== EXERCISE GOAL ==
Report the count of lines containing the word "from" in the entries below, and nothing more.

[Scraped caption text data]
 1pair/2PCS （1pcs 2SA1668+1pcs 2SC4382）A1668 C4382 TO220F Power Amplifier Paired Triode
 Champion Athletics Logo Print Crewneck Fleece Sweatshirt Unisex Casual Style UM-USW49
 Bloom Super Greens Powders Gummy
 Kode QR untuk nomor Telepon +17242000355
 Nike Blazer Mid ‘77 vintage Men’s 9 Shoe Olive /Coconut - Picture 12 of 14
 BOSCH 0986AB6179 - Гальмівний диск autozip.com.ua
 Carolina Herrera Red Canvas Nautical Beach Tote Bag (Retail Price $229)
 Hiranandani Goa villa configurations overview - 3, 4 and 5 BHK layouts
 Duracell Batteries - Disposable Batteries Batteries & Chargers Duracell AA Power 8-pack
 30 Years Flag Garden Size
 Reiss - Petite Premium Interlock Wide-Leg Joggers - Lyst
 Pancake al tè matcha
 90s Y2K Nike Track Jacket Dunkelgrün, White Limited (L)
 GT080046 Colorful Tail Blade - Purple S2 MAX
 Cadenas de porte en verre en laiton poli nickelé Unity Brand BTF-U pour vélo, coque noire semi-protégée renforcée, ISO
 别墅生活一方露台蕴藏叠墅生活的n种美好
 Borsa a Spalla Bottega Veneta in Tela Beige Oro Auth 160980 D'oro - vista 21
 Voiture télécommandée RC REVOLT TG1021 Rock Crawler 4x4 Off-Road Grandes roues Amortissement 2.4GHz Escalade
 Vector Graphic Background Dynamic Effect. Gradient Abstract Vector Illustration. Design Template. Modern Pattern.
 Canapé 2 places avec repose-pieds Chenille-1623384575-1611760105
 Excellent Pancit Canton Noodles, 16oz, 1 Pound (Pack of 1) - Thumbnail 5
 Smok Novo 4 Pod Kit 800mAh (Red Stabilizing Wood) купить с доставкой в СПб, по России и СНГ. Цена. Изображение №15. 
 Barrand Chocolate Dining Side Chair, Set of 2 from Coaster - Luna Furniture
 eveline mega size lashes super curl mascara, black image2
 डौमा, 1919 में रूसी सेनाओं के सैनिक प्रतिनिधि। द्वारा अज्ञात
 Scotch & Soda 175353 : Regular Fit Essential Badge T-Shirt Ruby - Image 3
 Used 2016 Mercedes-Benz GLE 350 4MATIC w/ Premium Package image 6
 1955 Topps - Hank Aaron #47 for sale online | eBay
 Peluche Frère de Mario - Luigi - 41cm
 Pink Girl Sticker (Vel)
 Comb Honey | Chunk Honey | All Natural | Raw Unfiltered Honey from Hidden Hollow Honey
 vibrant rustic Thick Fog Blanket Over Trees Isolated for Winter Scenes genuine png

== SOLVED EXERCISE ==
2